Which is not to say that ExCeL is failing to aggressively market itself as a 21st century site, calling itself a smart and web-friendly venue. It hopes to pick up not only the rise in demand from organisations within the UK, but also some of the contracts from its future rivals, London's Earls Court and Birmingham's NEC. Eventually, it believes it can set its sights on the large pan-European events currently held on the continent.

Project managers are now looking to open the venue for business this November, aware that the dearth of suitable space has been apparent for more than seven years. ExCeL's main collaborators are the Association of Exhibition Organisers and Newham education business partnership - and, although astonished by the terms they managed to get, say that governmental partners have been supportive.

ExCeL has also entered a contract for power, heating and cooling supply with Scottish and Southern Power for a term of 15 years, which will necessitate construction of an inside-the-fence facility. The proceeds from the additional services provided by ExCeL above site rent will contribute up to 35% of its income.

The future of the centre will govern the future financing requirements of the operators. There has been provision made in the original documentation for the option to bolt on a further issue should it be feasible to extend the venue. ExCeL's current site, on the edge of the old Victoria Docks, can be extended along the waterfront and could eventually double in size.

It's not yet certain how the financing will go ahead although, given the success of the first issue and the willingness of the institutions to take on the notes, another issue at least as big again cannot be ruled out. Shearer anticipates that this process may come about 15 months after the start of operations.

It is possible ExCeL can provide a useful template for deals, although its portability as a structure is open to question. Shearer says that only one of these deals comes about in the average lifetime and given the peculiar circumstances of the domestic exhibitions industry it's tempting to agree with him. He does add, however, that he has been approached by banks looking to adapt the approach to other areas.

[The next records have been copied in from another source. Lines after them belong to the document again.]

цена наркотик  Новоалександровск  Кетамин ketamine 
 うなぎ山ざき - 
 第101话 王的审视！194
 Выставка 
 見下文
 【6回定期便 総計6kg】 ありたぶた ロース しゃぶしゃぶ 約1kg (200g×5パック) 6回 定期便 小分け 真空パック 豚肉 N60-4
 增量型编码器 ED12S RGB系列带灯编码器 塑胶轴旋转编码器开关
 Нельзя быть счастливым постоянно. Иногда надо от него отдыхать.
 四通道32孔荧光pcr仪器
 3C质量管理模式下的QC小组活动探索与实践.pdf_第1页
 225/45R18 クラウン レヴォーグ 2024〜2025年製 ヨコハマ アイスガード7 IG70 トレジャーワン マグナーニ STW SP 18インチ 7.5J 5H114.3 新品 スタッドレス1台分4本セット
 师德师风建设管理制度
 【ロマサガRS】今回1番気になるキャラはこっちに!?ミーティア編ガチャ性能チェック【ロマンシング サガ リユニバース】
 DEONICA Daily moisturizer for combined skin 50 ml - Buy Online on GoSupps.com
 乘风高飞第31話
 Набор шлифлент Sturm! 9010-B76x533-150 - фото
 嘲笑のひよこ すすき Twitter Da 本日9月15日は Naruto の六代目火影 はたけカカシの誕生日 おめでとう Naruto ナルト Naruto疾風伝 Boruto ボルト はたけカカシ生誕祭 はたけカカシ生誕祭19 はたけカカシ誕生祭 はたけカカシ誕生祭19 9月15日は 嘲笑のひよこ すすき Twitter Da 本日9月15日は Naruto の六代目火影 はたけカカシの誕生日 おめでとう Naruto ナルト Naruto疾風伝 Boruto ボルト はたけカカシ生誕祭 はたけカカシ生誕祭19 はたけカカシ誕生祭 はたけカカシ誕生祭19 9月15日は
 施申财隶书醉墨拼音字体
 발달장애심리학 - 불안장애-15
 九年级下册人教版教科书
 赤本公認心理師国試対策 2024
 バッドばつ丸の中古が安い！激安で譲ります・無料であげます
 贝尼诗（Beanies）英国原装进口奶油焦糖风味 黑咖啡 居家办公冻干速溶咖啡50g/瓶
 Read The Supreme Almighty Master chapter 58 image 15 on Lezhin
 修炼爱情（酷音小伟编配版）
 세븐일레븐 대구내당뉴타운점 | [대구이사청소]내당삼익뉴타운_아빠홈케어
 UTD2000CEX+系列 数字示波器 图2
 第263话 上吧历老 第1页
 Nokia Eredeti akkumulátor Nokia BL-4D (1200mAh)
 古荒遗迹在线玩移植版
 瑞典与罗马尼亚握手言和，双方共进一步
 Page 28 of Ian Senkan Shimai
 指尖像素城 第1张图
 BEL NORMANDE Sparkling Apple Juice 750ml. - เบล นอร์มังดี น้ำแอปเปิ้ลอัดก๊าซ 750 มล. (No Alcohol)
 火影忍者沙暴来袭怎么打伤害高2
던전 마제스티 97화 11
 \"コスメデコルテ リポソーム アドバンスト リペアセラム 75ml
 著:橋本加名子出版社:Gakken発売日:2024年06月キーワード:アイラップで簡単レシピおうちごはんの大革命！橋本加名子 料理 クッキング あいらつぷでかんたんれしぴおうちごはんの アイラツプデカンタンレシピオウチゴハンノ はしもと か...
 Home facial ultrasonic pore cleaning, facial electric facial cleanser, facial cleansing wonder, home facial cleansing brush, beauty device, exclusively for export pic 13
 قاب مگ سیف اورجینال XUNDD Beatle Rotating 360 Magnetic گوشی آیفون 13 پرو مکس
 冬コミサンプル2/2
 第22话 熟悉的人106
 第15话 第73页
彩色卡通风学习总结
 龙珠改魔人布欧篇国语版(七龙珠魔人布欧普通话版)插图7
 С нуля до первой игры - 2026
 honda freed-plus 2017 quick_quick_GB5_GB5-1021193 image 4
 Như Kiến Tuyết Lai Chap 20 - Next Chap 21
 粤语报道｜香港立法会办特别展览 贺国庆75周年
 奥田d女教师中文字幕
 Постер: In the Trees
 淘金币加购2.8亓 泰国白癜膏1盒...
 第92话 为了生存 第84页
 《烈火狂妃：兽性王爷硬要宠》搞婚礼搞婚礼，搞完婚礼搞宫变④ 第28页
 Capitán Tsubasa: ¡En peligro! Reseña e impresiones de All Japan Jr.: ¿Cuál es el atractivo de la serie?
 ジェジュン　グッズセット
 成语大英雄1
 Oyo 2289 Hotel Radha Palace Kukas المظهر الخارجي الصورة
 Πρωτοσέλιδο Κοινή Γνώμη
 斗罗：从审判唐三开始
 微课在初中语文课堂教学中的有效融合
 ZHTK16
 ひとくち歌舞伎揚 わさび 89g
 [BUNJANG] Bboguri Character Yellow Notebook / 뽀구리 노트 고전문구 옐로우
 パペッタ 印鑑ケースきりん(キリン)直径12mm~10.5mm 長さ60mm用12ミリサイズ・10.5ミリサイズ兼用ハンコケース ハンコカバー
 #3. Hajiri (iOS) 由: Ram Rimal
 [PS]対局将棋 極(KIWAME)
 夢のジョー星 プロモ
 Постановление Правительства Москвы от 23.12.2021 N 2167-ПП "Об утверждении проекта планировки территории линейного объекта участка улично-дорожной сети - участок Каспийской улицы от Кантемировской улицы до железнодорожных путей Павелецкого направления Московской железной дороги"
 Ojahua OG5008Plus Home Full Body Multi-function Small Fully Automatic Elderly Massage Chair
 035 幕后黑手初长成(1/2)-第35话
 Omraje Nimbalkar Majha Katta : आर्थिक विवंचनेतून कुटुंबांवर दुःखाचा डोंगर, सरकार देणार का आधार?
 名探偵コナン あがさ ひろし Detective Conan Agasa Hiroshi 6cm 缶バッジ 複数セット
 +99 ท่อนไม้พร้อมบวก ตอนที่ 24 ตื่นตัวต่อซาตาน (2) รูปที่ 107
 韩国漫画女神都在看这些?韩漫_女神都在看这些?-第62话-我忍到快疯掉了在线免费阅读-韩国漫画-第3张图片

Docklands certainly has a surfeit of projects with chequered construction history, from the Jubilee Line, to the Dome across the river (which had to be methodically discounted as a serious future competitor). One project, suggests Church, that may use the financing structure would be another semi-public facility such as a national stadium. For one the controversial Wembley Stadium development may benefit from this cast-iron structure.